Tutti possiamo, se lo vogliamo, “essere coro”. Che, se poi ci pensiamo bene – e qui concludo, non temete – è esattamente quanto da casa abbiamo visto accadere tante e tante volte, su quei monitor di computer in cui cercava di darsi forma la nostra vita strana di questi mesi di angosce, riflessioni, speranze e di reciproco ascolto a distanza (sì, la riscoperta della facoltà di ascoltare – dal canto urbano degli uccelli alle voci di bimbi a Bella Ciao suonata e cantata dai balconi – penso sia una delle cose buone che abbiamo avuto modo di sperimentare).
Che altro abbiamo fatto per tutto questo tempo “on line” (non potendo ‘solcare i mari’, né ‘affaticare la Terra’), se non (dopo i greci, dopo Shakespeare … – “Con ingegno che supera / sempre l’immaginabile”), re-inventare il Coro?
Un rettangolino si illumina in una parte dello schermo, dentro c’è qualcuno che dice “io sono il coro”; un altro rettangolino e un altro che replica, “io sono il coro”, e poi un altro, “io sono il coro”, e un altro e un altro ancora, “io sono il coro”, “io sono il coro” – “io, io, io, noi siamo il coro”. E finalmente… l’Orchestra incomincia a suonare.

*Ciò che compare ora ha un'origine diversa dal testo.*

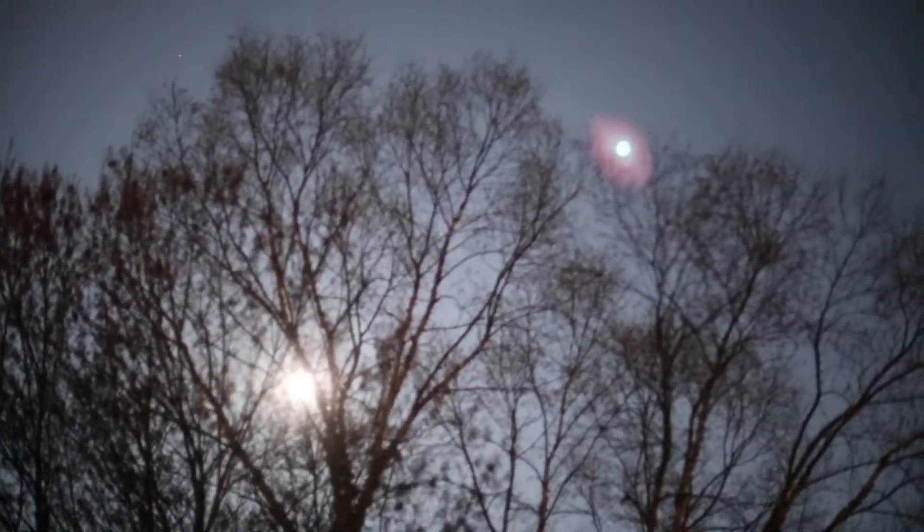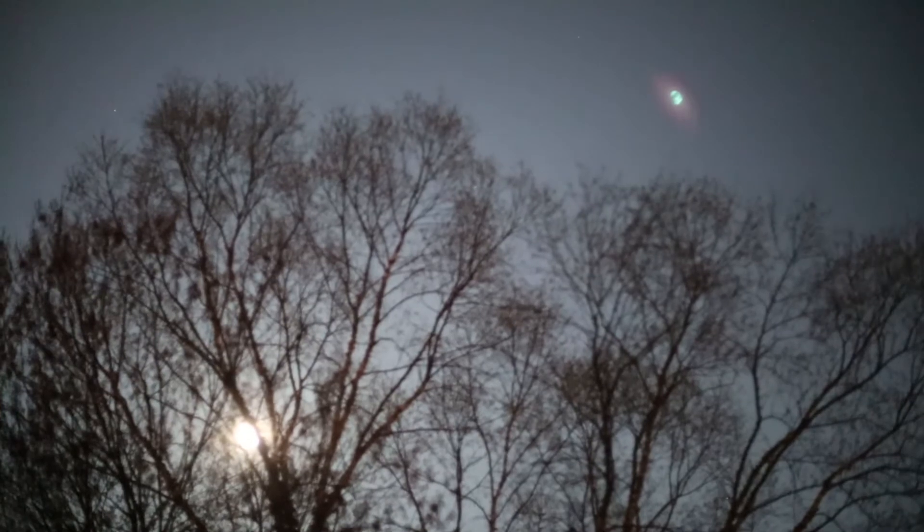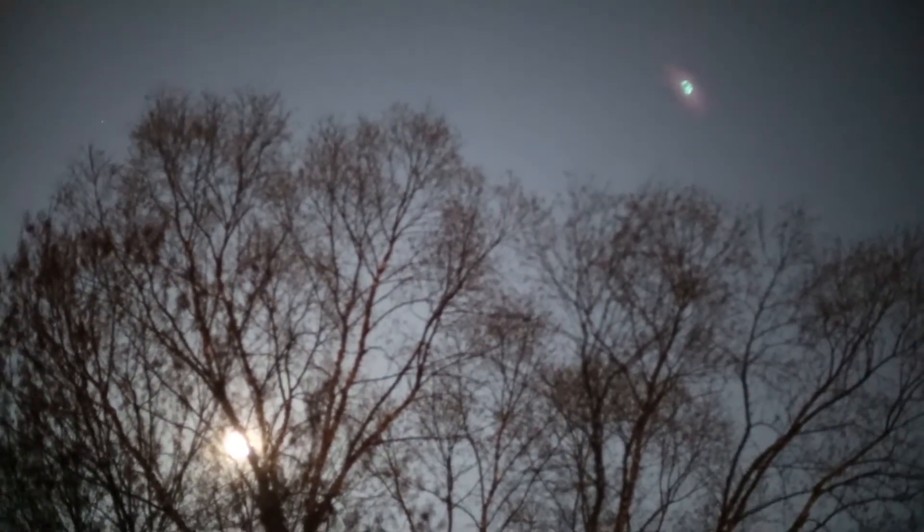Alright, so the first thing you guys can find is the moon. Now of course I have a very wide-angle lens that's not going to let us really see the moon, and that little ghost image up there is just because of the coating on the lens, which actually allows you to kind of be able to see it.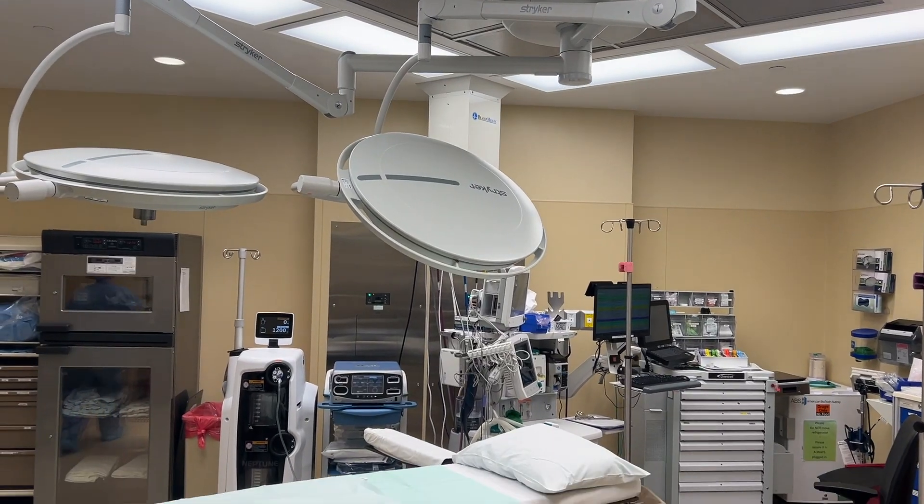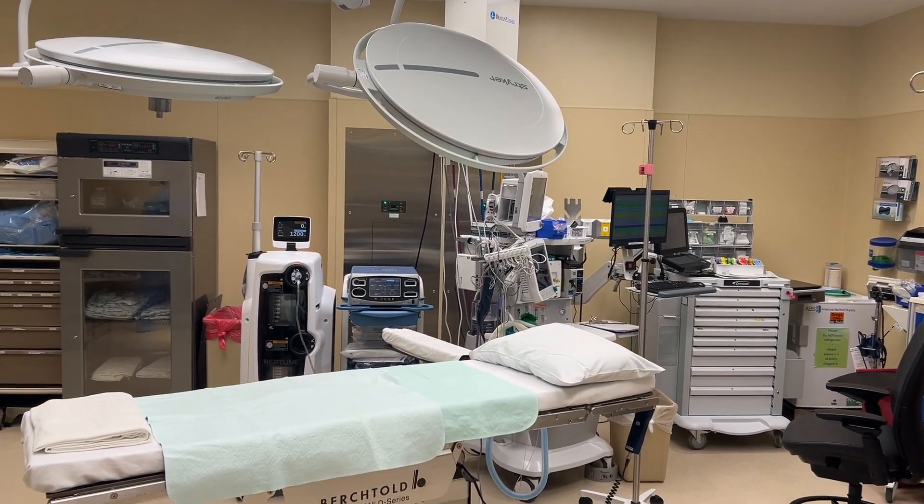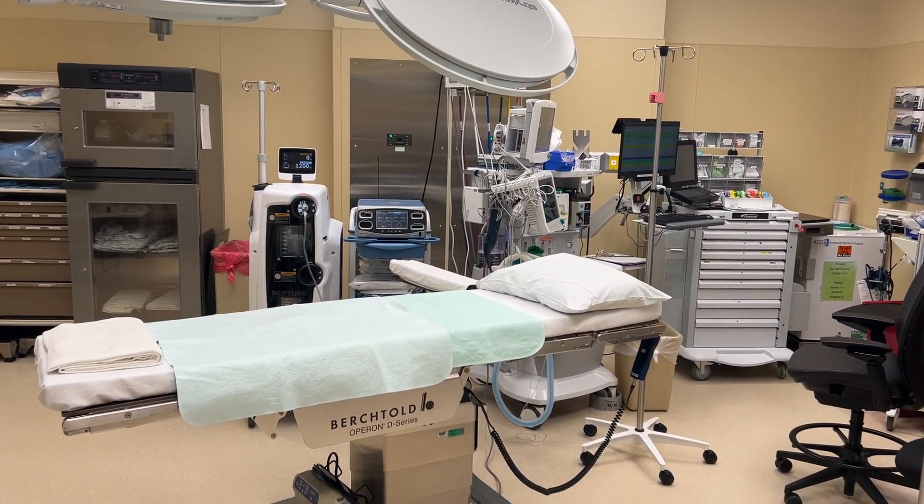A member of the Blank Children's Hospital neonatal team is always on the floor at Methodist West to assist with deliveries as needed. Should you need a c-section, Methodist West has two state-of-the-art operating rooms where cesareans can be performed.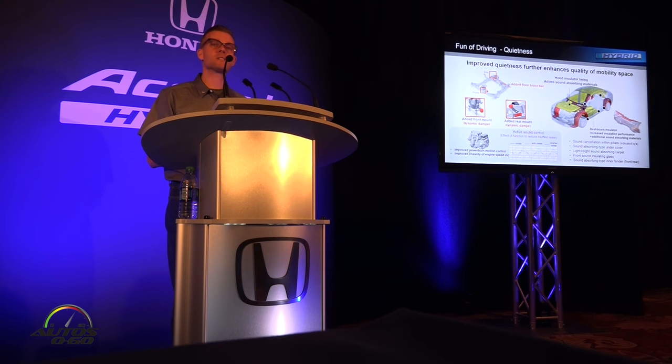First, let me explain improvements to NVH. The team significantly improved quietness by numerous methods, such as adopting a floor brace bar and dynamic damper, improving powertrain motion control, applying new sound absorbing material and sound insulators in areas such as the fender wells, carpet, and body undercover, and adopting a laminated acoustic front door glass. They also made changes to body structural members to further enhance quietness.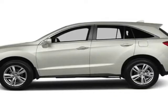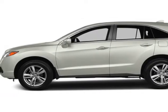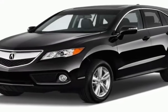Take a look at this new 2013 Acura RDX. For your protection, this vehicle has a full factory warranty.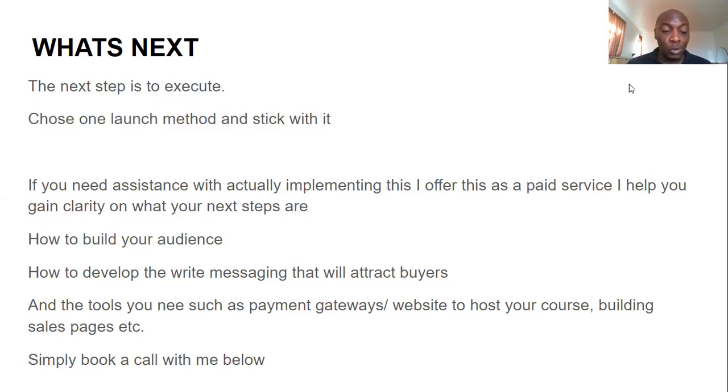If you need assistance implementing this, I offer this as a paid service. I help you gain clarity on your next steps, build your audience, develop the right messaging to attract buyers, and figure out the tools you need — payment gateways, websites for hosting your course, sales pages, and email lists. If you're interested, all you have to do is book a free call with me using the link below this video. I'll talk with you for about 15 minutes and help you gain clarity on what to do next. Thank you so much for watching — I hope this helps you launch your course and launch your way to success!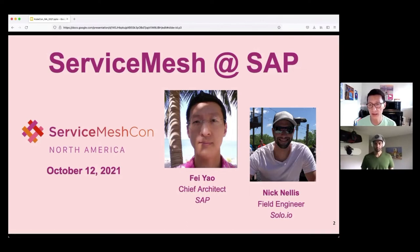Today with me is Nick. I'm a field engineer at Solo.io, and we've partnered with SAP to help them design and implement their service mesh strategy organization-wide. I'm going to hand it back over to Fei to talk about what they're doing with service mesh today and what they're going to be doing in the future.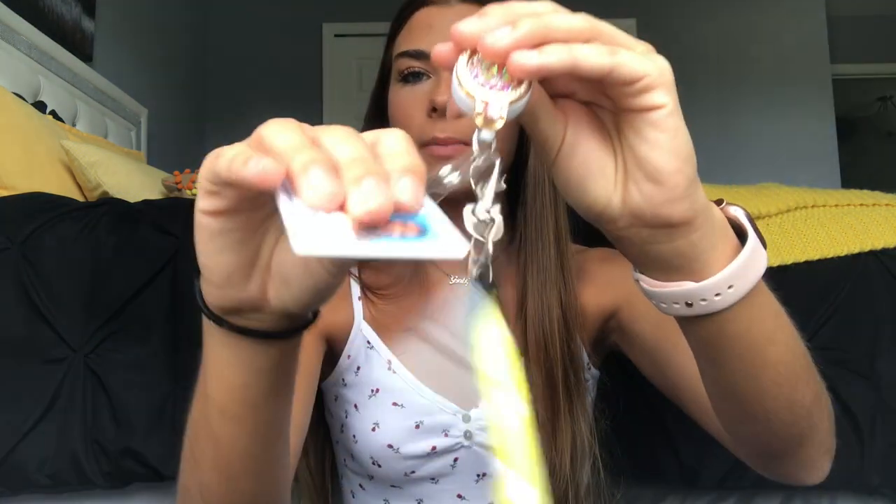I also bring two highlighters. I don't really use them, but this is if I'm taking notes in post-conference, which is the last 30 minutes of our clinical where we all sit down and discuss the day — what could have gone better, what went well — so I just have these just in case. Lastly in here I have my badge. This is so important — you have to have this, you can't go to clinical without it. I just have this little badge clip and my picture, and then these little Sharpie highlighters.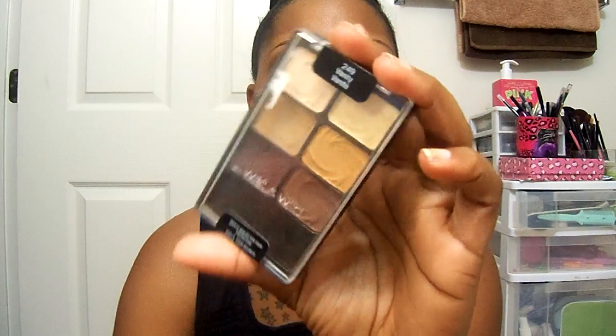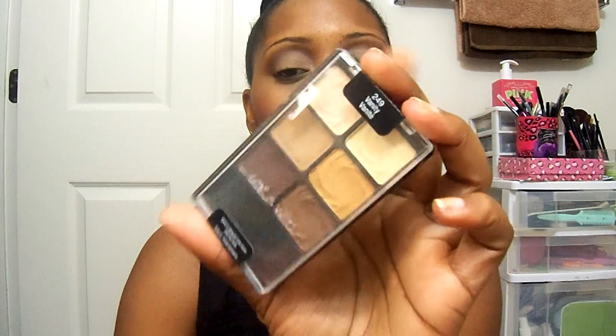I use my Wet and Wild eyeshadow palette — this one is in Vanity. These are originally $2.99 or $3.99, but I think I got mine for 50% off, so I'm going to say this was about $2.99. So that brings the total to $6.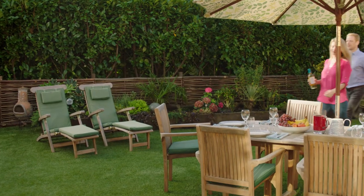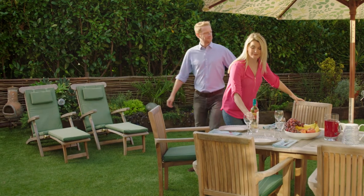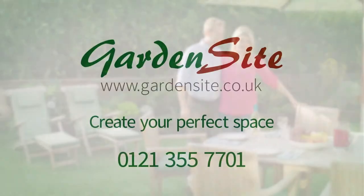The website is so easy to use, maybe too easy. Create your perfect space at gardensite.co.uk.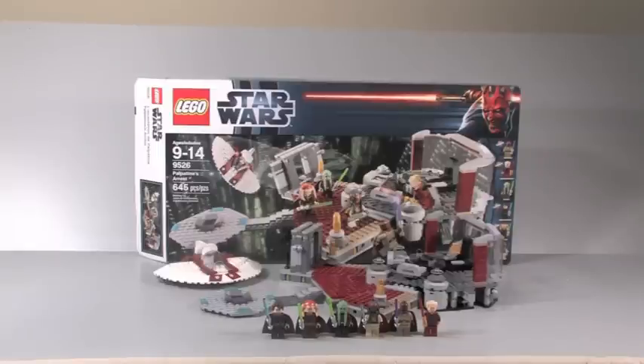Hey guys, what is up? It's me, Kroft Studios, and I'm here with a new Star Wars set review. It's a pretty big size set. It's Palpatine's Arrest, set 9526, 645 pieces, ages 9 to 14, and it retails for $90 — like an outrageous $90.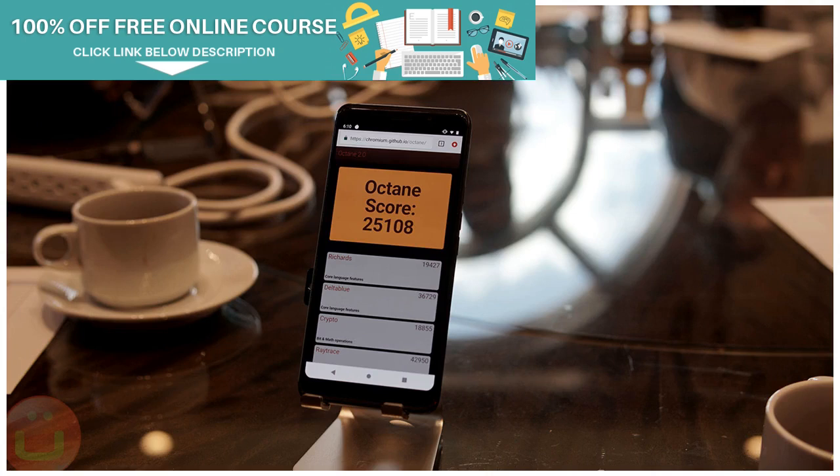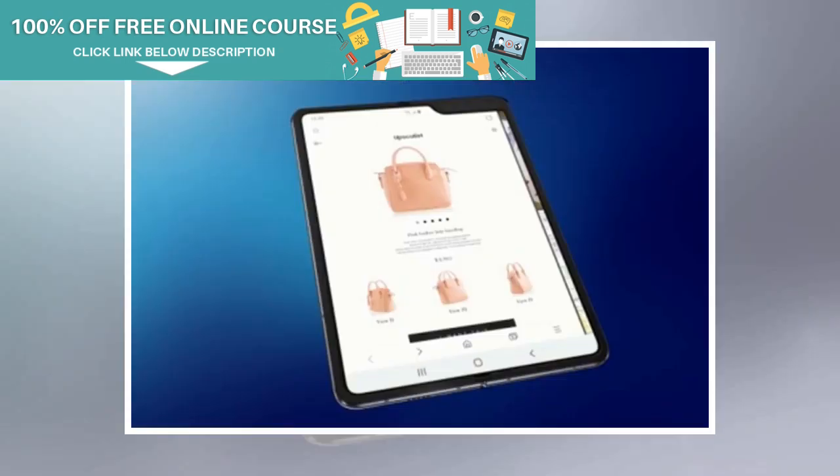The Samsung Galaxy Fold has been spotted on Geekbench, which reveals the actual performance of the device. According to Geekbench, the Galaxy Fold's performance is similar to the Samsung Galaxy S10 series of smartphones.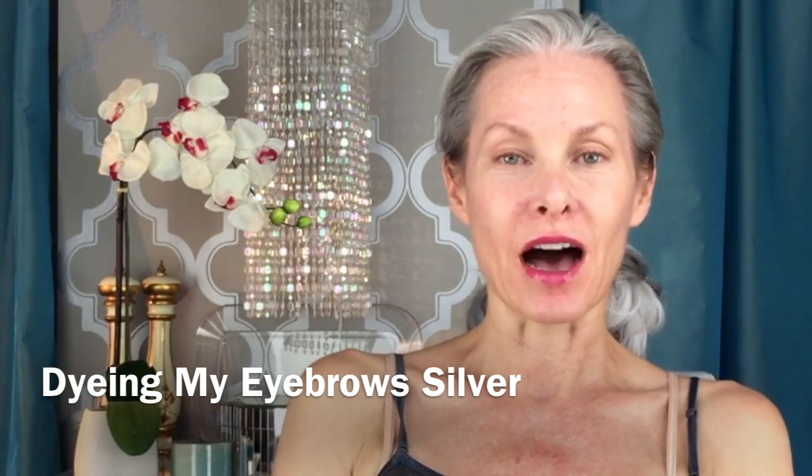I've been threatening to do it and today I'm going to do it. I'm going to dye my eyebrows silver, or as silver as I can get them. We're going to give it a shot.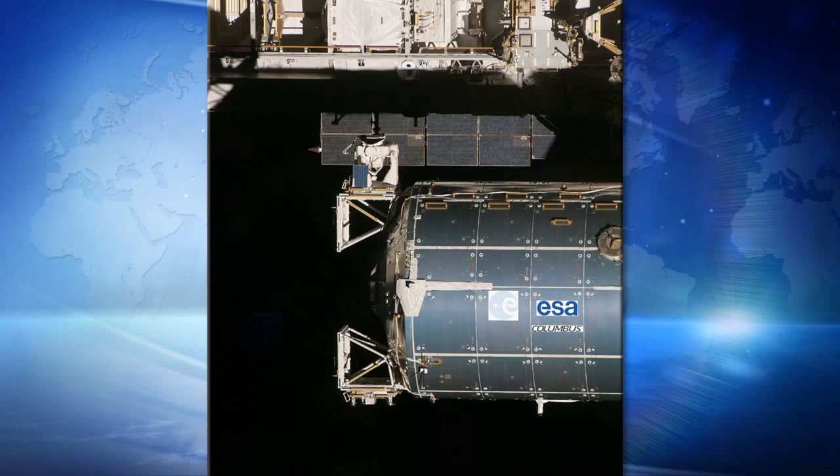All four of our cameras will be pointed at different angles towards Earth. We have one camera pointing forward — looking where the ISS is traveling — one camera pointing straight down towards Earth, and two cameras pointing towards the back to see where the ISS has been traveling. They're all essentially tracking the same path. So if there was a weather event like a hurricane, we could watch it as the ISS is approaching, transfer to the next camera as the ISS is over the event, and then watch as the ISS passes.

Non ve l’aspettavate, eh, il finale così? E allora, via: si dia inizio alle danze!
Opere citate
Lombardo Radice, Giuseppina. 1956. in Sofocle. Le tragedie, Torino: Einaudi.
Sbarbaro, Camillo. 1943. In Sofocle. Antigone, Milano: Bompiani
Cetrangolo, Enzio. 1970. in Il teatro greco. Tutte le tragedie, a cura di C. Diano, Firenze: Sansoni.
Savino, Enzo. 1977. in Sofocle, Edipo re, Edipo a Colono, Antigone, Milano: Garzanti.